» **INSTRUCTIONS TO FOLLOW**
Using the data below, return the stretch from the line that contains "画像3: CALEE/STUDS &" through the line that contains "Newface Apple Watch", both included, exactly as it stands and nothing beyond it.

» **EXCERPTED RECORDS**
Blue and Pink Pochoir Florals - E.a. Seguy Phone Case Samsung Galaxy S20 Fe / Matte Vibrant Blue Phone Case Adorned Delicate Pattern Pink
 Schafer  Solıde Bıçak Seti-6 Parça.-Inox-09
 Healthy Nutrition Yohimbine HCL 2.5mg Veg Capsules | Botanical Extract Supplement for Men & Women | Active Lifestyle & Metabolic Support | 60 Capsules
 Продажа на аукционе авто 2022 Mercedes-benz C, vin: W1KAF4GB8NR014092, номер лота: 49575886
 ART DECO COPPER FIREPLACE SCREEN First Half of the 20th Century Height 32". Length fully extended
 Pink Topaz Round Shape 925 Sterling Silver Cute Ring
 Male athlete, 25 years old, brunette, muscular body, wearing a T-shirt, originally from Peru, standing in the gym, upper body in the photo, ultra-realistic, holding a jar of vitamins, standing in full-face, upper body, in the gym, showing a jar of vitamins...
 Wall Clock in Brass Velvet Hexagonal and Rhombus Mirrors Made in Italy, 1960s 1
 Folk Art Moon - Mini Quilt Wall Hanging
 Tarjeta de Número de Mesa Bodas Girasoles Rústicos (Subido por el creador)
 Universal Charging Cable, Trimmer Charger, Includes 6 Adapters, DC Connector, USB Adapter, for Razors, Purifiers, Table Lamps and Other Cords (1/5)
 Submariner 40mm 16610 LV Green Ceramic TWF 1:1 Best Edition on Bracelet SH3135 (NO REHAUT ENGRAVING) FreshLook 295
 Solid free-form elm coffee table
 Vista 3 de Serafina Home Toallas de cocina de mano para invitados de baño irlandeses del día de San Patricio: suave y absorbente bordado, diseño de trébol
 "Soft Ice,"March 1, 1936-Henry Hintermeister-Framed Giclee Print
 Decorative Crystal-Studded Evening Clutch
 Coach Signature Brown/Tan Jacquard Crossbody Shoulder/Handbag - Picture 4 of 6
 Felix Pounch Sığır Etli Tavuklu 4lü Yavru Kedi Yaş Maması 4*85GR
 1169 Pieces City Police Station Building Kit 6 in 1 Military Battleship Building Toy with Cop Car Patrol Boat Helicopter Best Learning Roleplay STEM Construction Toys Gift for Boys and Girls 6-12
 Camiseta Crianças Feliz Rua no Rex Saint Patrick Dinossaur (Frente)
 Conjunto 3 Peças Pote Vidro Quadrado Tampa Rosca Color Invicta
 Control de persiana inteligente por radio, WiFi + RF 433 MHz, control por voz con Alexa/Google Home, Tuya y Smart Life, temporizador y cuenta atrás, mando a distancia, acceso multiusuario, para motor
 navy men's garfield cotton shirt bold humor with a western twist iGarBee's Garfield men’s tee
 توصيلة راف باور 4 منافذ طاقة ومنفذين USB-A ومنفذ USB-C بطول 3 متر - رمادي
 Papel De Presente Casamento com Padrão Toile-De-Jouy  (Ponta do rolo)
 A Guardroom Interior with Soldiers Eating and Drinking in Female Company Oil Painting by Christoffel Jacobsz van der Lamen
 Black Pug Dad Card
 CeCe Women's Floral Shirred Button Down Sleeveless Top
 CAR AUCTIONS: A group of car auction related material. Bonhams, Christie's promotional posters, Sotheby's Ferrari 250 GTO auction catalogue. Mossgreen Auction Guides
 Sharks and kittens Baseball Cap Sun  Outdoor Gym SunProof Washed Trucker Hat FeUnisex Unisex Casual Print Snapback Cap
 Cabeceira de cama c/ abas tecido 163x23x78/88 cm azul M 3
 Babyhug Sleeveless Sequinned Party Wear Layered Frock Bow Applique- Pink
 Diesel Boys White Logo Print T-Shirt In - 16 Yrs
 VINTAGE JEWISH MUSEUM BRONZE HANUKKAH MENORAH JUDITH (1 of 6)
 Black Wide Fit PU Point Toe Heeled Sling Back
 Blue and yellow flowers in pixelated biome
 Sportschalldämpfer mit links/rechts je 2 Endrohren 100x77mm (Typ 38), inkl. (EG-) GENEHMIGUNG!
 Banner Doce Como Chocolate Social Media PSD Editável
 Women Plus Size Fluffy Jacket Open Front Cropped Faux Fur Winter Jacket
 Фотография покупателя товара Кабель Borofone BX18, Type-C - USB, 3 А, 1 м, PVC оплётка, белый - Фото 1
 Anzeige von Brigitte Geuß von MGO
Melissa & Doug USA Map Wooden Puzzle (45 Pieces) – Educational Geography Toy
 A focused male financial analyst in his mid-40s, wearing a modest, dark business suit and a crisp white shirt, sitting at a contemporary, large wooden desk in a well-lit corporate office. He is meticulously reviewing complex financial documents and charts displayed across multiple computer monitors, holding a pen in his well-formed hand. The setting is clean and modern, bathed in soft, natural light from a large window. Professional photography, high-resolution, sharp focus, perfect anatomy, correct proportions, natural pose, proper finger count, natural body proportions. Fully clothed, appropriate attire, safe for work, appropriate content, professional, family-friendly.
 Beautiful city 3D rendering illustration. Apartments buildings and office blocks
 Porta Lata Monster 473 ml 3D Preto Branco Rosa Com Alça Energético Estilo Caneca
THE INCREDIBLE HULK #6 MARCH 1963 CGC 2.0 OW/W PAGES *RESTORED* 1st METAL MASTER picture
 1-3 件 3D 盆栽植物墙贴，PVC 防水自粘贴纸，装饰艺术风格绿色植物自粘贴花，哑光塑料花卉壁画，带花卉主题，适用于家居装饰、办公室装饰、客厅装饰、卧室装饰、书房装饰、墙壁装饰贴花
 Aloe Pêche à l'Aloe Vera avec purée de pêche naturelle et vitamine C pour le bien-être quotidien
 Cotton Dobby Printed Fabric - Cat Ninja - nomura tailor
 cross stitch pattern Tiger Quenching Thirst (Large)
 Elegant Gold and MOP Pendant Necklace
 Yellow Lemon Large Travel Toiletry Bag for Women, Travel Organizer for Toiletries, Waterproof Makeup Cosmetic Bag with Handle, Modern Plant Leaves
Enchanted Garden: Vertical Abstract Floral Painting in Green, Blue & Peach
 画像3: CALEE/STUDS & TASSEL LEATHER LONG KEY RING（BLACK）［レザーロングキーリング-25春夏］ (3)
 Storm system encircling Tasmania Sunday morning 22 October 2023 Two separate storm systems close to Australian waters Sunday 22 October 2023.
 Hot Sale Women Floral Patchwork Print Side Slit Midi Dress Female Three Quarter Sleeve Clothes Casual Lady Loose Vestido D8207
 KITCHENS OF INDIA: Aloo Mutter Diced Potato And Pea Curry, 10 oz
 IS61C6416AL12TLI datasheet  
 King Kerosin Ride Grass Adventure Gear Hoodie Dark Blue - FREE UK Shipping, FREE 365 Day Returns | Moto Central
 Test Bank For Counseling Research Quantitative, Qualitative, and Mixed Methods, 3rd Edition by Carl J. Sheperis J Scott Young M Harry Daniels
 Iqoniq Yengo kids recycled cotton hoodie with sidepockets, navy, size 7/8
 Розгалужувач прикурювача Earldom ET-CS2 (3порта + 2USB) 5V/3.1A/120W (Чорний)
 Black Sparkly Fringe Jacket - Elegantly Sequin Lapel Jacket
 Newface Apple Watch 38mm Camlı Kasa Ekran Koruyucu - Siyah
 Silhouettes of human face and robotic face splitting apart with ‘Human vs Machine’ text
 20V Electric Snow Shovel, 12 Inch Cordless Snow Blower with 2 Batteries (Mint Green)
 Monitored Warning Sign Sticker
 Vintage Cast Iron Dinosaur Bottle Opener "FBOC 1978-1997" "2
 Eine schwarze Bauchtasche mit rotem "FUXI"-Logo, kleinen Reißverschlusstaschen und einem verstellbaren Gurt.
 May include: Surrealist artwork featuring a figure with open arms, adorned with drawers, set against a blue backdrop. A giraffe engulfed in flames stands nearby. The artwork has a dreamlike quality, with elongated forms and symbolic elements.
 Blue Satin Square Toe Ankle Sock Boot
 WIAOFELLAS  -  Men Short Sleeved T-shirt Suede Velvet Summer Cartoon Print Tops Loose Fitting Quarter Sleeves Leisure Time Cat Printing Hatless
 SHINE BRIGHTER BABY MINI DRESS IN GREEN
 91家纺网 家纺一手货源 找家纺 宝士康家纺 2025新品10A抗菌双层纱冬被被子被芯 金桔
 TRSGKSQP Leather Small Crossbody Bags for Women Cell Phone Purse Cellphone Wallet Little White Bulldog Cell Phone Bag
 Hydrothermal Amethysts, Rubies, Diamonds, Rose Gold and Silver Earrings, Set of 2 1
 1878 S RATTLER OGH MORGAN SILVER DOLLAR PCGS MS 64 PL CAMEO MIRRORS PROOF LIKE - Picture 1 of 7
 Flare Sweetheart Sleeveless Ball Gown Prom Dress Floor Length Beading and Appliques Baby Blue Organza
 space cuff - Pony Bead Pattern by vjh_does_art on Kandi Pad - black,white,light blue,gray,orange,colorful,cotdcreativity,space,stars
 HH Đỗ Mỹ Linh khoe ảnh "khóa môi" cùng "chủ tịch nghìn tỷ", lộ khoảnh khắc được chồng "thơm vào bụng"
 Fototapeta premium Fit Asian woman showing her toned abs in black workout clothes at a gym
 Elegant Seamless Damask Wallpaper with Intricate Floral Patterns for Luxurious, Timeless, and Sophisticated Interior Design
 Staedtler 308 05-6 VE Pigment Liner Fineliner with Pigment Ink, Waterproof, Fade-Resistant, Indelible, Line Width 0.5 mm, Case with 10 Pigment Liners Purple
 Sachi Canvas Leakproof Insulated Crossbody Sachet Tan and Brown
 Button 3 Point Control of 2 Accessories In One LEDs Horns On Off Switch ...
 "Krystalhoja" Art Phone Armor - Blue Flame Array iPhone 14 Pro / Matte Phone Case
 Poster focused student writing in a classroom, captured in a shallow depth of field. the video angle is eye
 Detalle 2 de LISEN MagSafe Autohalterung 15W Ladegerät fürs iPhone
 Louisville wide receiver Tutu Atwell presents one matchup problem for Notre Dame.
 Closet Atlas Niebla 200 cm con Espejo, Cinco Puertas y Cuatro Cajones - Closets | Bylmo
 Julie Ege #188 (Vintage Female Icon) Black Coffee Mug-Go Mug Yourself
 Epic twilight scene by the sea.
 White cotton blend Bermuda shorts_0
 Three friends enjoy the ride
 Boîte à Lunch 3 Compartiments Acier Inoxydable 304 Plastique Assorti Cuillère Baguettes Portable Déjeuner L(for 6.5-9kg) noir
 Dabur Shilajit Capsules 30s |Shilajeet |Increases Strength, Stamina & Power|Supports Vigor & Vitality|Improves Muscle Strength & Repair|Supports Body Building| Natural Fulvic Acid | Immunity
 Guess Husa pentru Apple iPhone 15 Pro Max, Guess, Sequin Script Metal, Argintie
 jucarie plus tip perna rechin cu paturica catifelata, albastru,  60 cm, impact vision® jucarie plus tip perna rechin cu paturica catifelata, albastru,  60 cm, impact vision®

» **RESULT**
 画像3: CALEE/STUDS & TASSEL LEATHER LONG KEY RING（BLACK）［レザーロングキーリング-25春夏］ (3)
 Storm system encircling Tasmania Sunday morning 22 October 2023 Two separate storm systems close to Australian waters Sunday 22 October 2023.
 Hot Sale Women Floral Patchwork Print Side Slit Midi Dress Female Three Quarter Sleeve Clothes Casual Lady Loose Vestido D8207
 KITCHENS OF INDIA: Aloo Mutter Diced Potato And Pea Curry, 10 oz
 IS61C6416AL12TLI datasheet  
 King Kerosin Ride Grass Adventure Gear Hoodie Dark Blue - FREE UK Shipping, FREE 365 Day Returns | Moto Central
 Test Bank For Counseling Research Quantitative, Qualitative, and Mixed Methods, 3rd Edition by Carl J. Sheperis J Scott Young M Harry Daniels
 Iqoniq Yengo kids recycled cotton hoodie with sidepockets, navy, size 7/8
 Розгалужувач прикурювача Earldom ET-CS2 (3порта + 2USB) 5V/3.1A/120W (Чорний)
 Black Sparkly Fringe Jacket - Elegantly Sequin Lapel Jacket
 Newface Apple Watch 38mm Camlı Kasa Ekran Koruyucu - Siyah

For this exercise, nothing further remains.